Records for this task Block Start

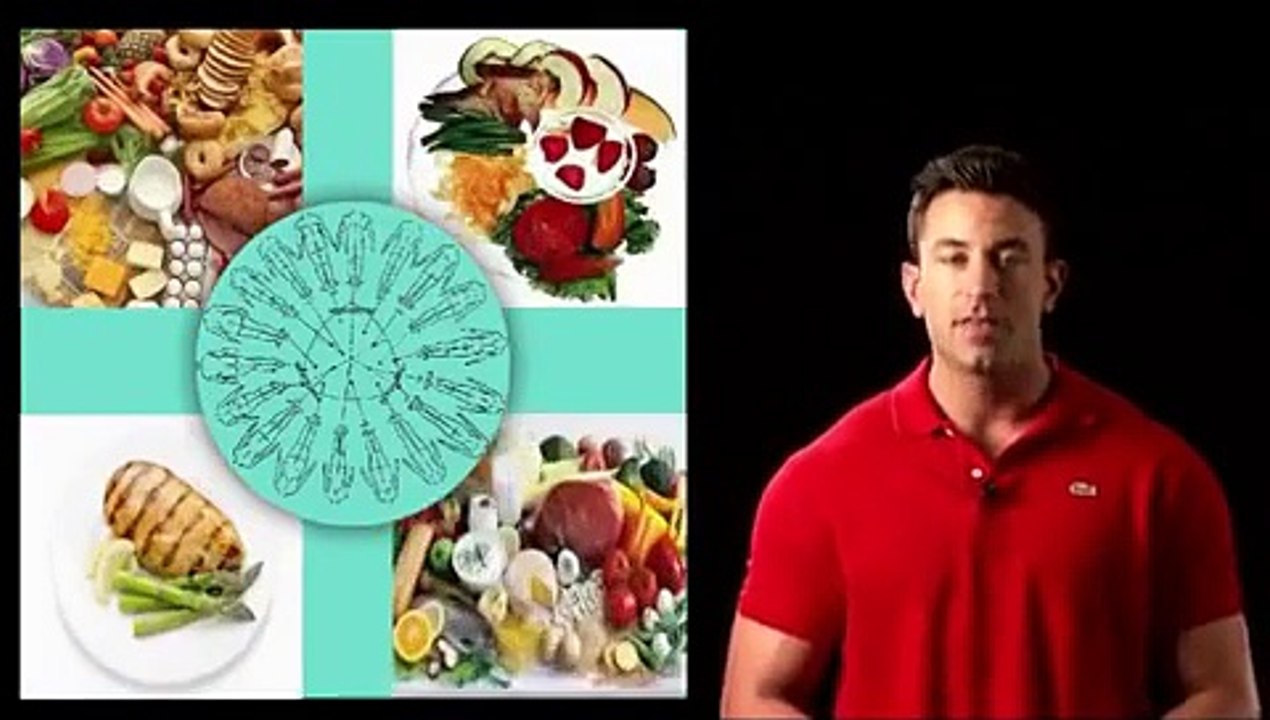 Customized Fat Loss ~ Kyle Leon ~ Review and Sneak Peak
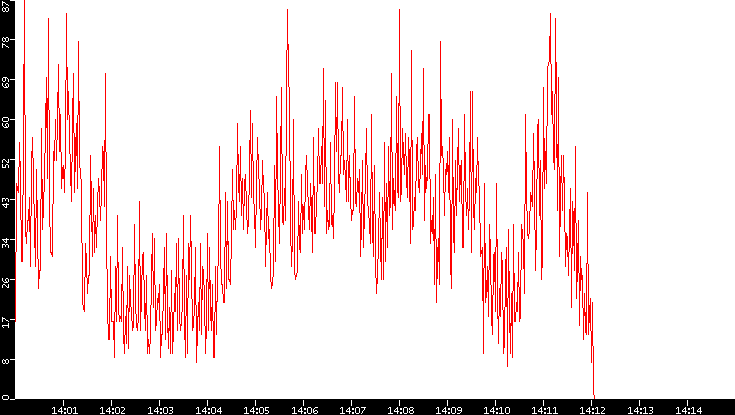 Nb. of Packets vs. Time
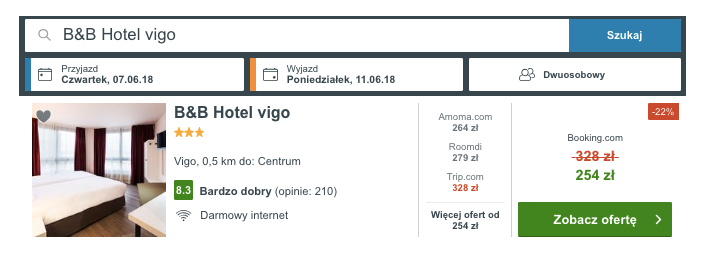 zarezerwuj hotel w vigo
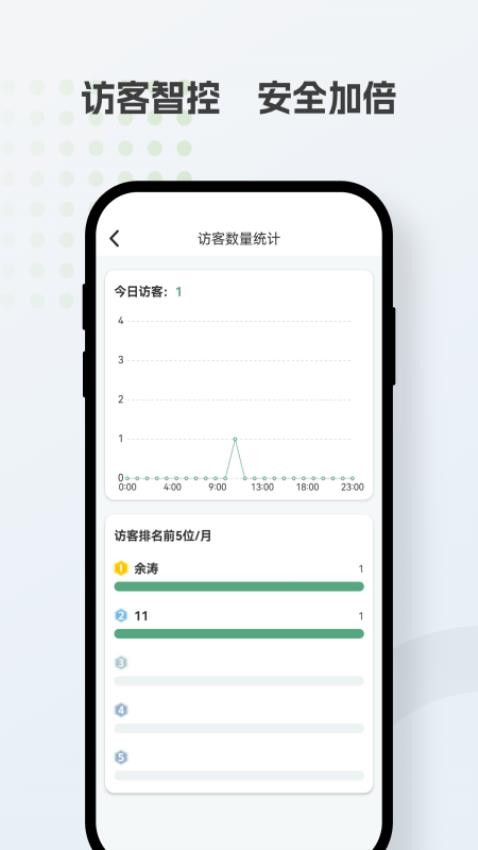 万傲瑞达官网版下载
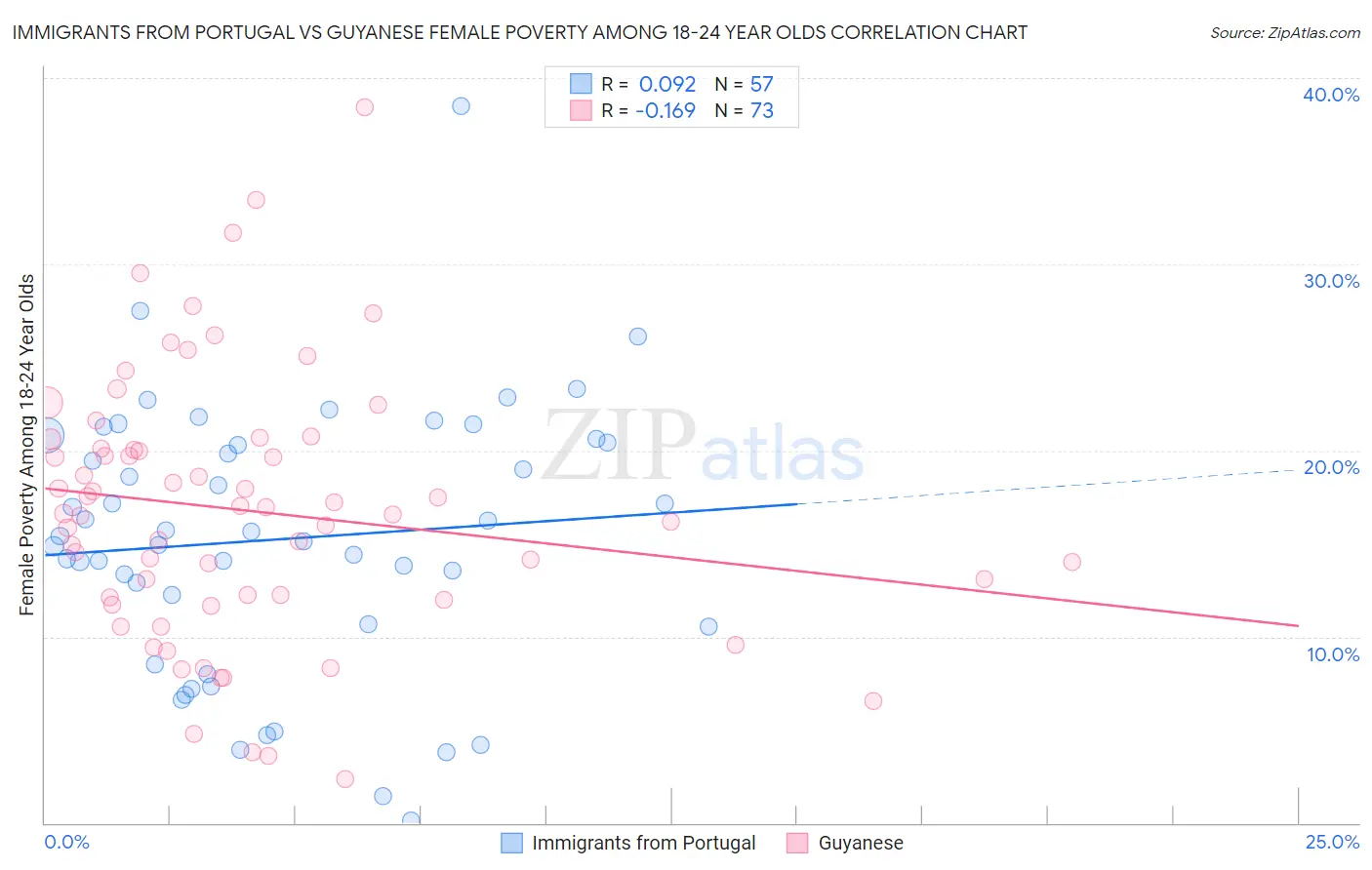 Immigrants from Portugal vs Guyanese Female Poverty Among 18-24 Year Olds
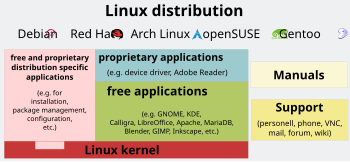 Embedded Linux Distributions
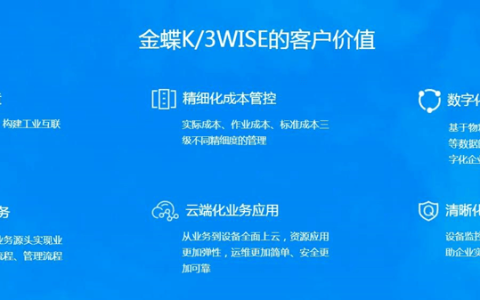 金蝶K3 WISE供应链管理系统有哪些功能模块？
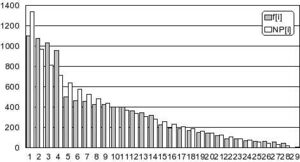 TomoMaretic Statistik1.jpg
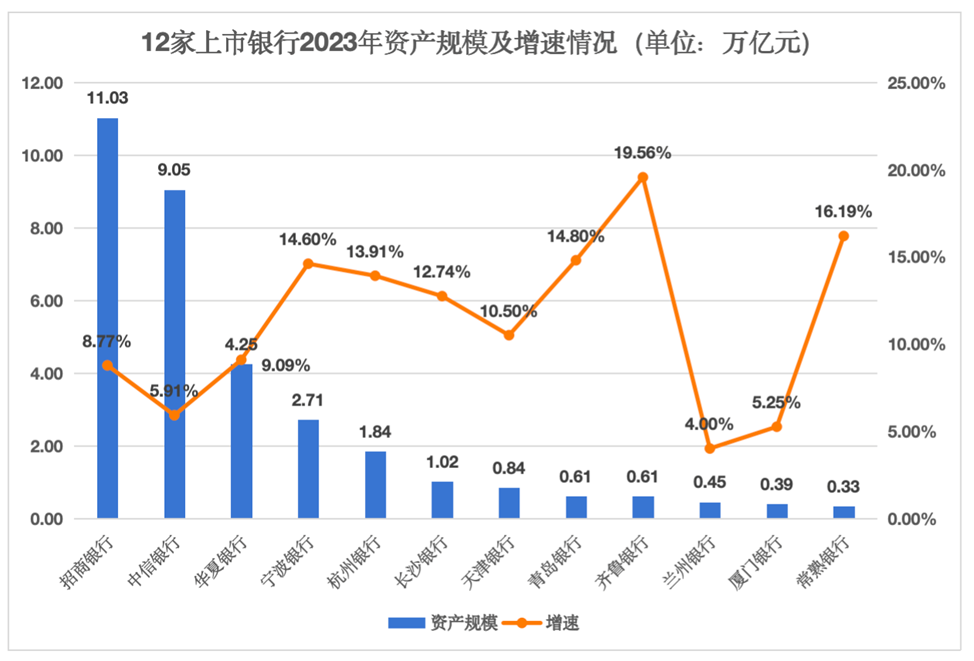 15家上市银行，资产质量呈现两大特征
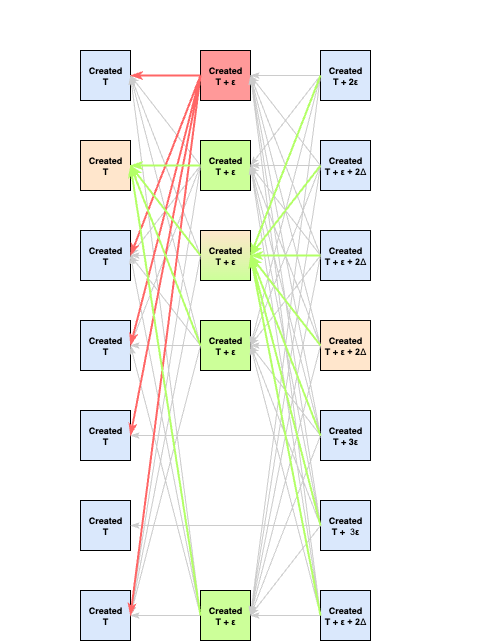 mysticetiC_liveness_bug5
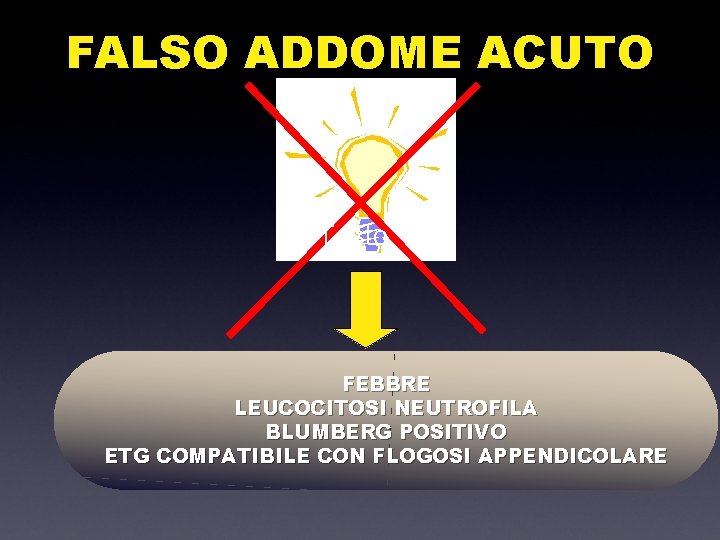 FALSO ADDOME ACUTO Testo FEBBRE LEUCOCITOSI NEUTROFILA BLUMBERG POSITIVO ETG COMPATIBILE CON FLOGOSI APPENDICOLARE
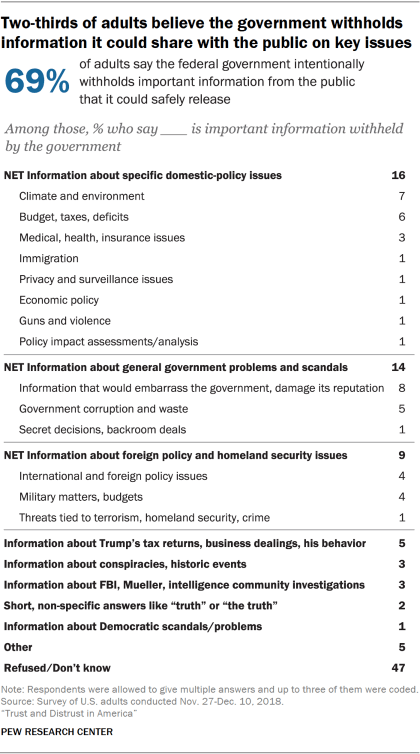 Chart showing that two-thirds of adults believe the government withholds information it could share with the public on key issues.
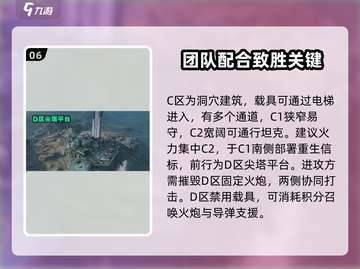 三角洲行动🔥大战场模式地图全攻略✅截图7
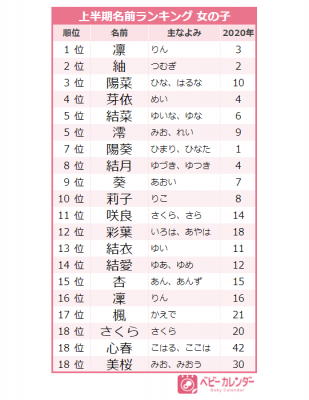 21年上半期 人気の名前ランキングtop 今女の子に最も人気の名前は Eltha エルザ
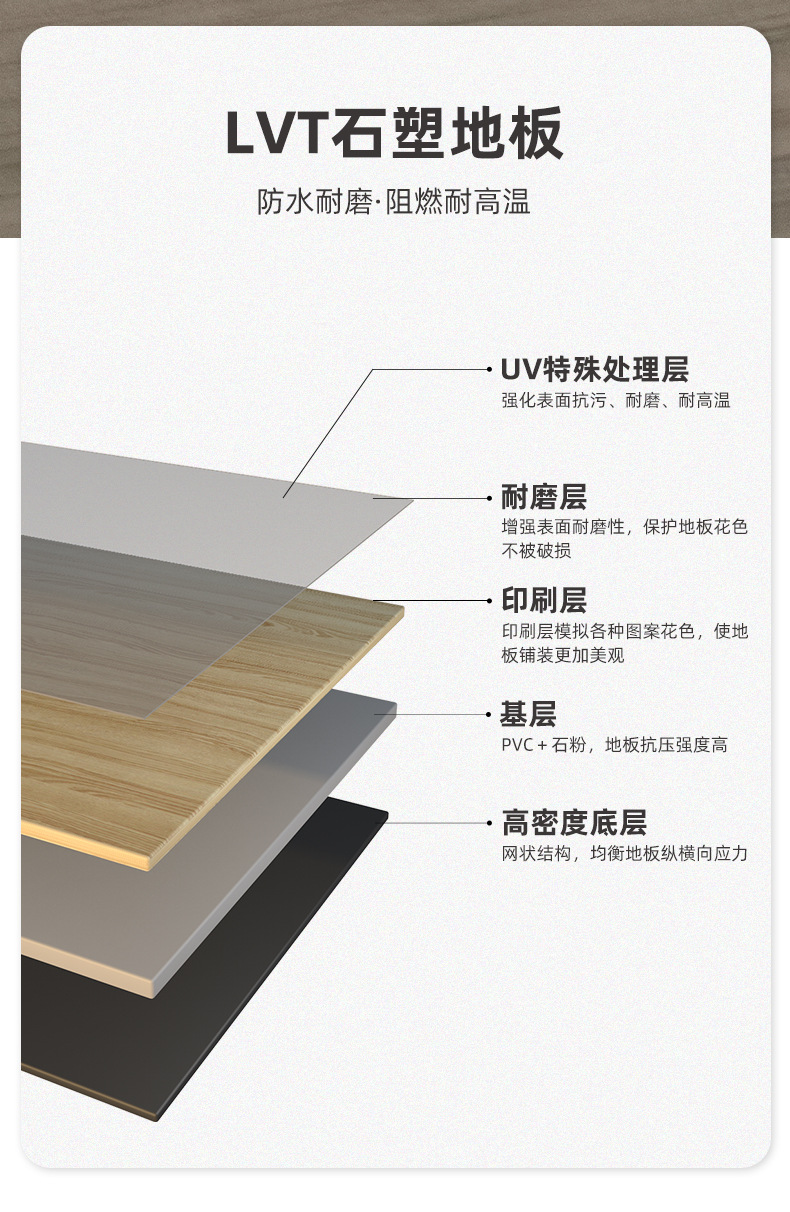 批发PVC自粘地板贴家用公寓卧室翻新耐磨LVT塑胶地板革环保防水-阿里巴巴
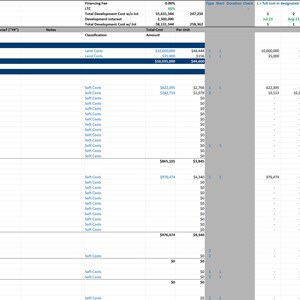 Puede incluir: Una hoja de c&aacute;lculo detallada con m&uacute;ltiples columnas y filas, que muestra datos financieros. La secci&oacute;n superior incluye m&eacute;tricas clave, mientras que el cuerpo principal enumera varias categor&iacute;as de costos y montos. El documento est&aacute; organizado con t&iacute;tulos y puntos de datos claros.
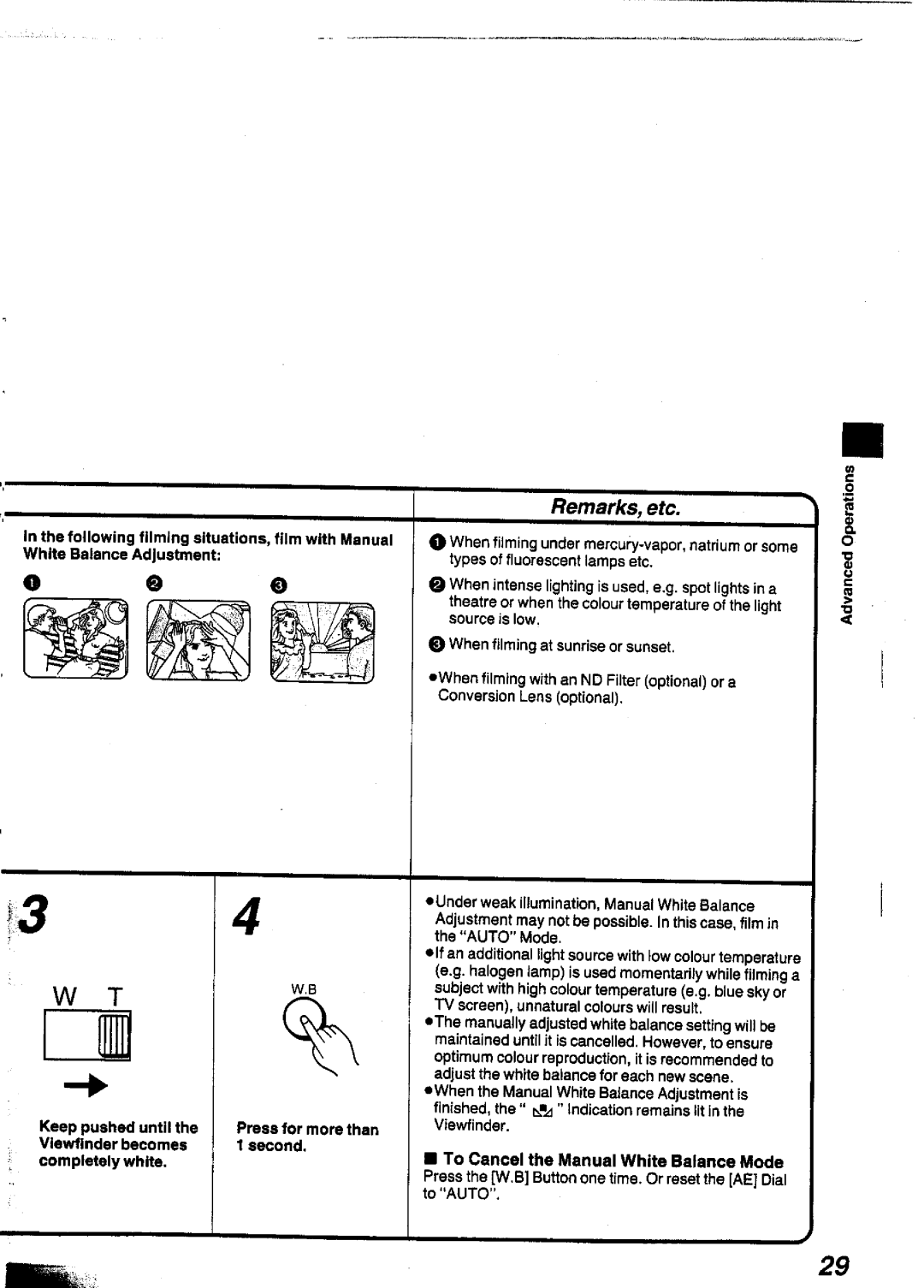 Panasonic NVS90A manual 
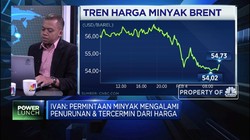 Menakar Kinerja Emiten Migas di Tengah Gejolak Harga Minyak
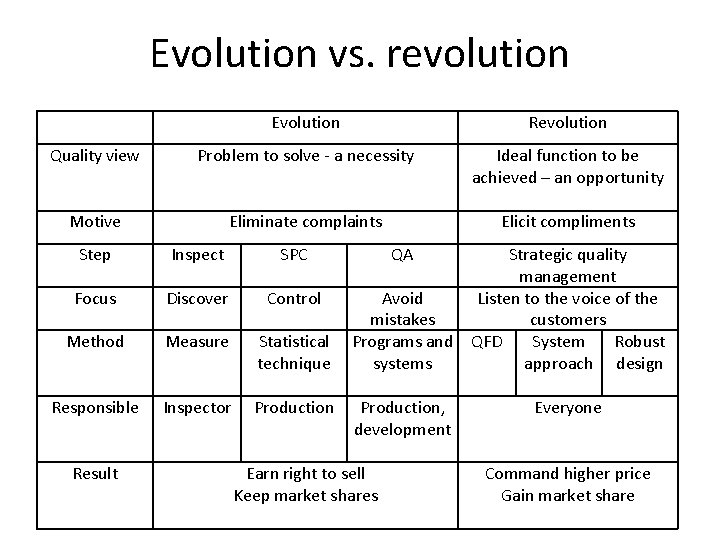 Evolution vs. revolution Evolution Revolution Quality view Problem to solve - a necessity Ideal
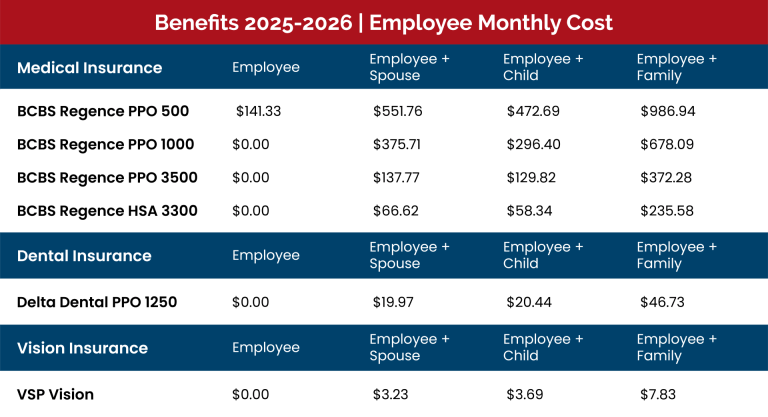 Andrews Cooper Benefits Overview 2025 -2026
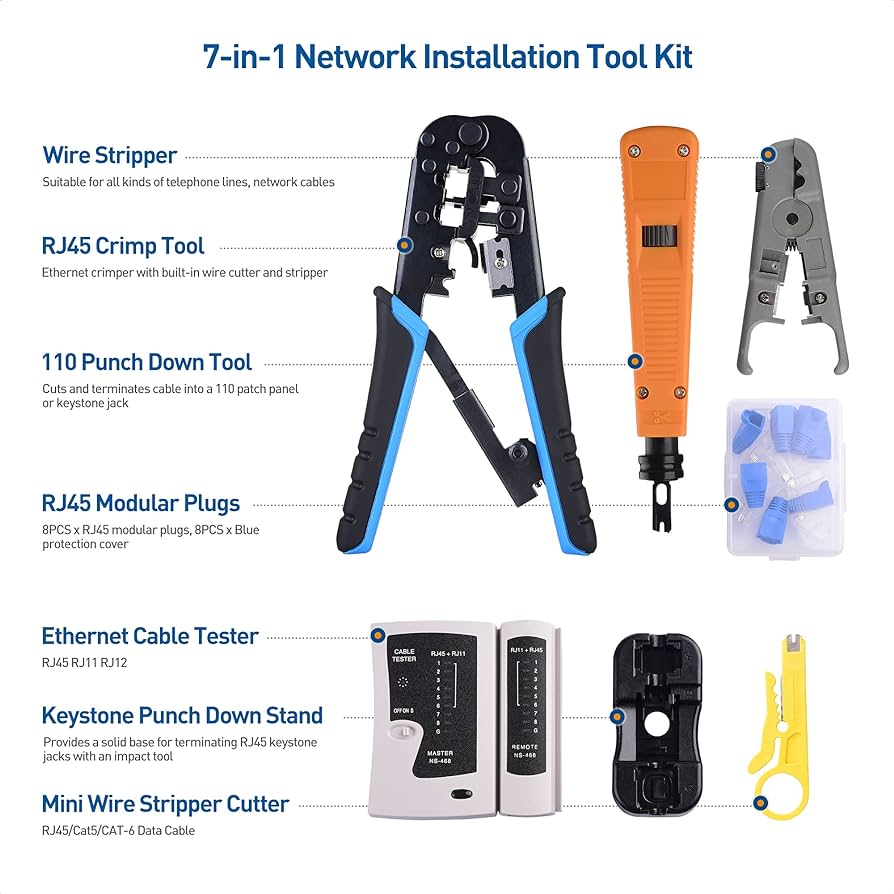 Cable Matters Computer Repair Kit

Records for this task Block End

- **What is expected**: Give back exactly the lines running from the one that contains "Menakar Kinerja Emiten" to the end of the records, including both of those lines and excluding every picture.

- **Result**:
 Menakar Kinerja Emiten Migas di Tengah Gejolak Harga Minyak
 Evolution vs. revolution Evolution Revolution Quality view Problem to solve - a necessity Ideal
 Andrews Cooper Benefits Overview 2025 -2026
 Cable Matters Computer Repair Kit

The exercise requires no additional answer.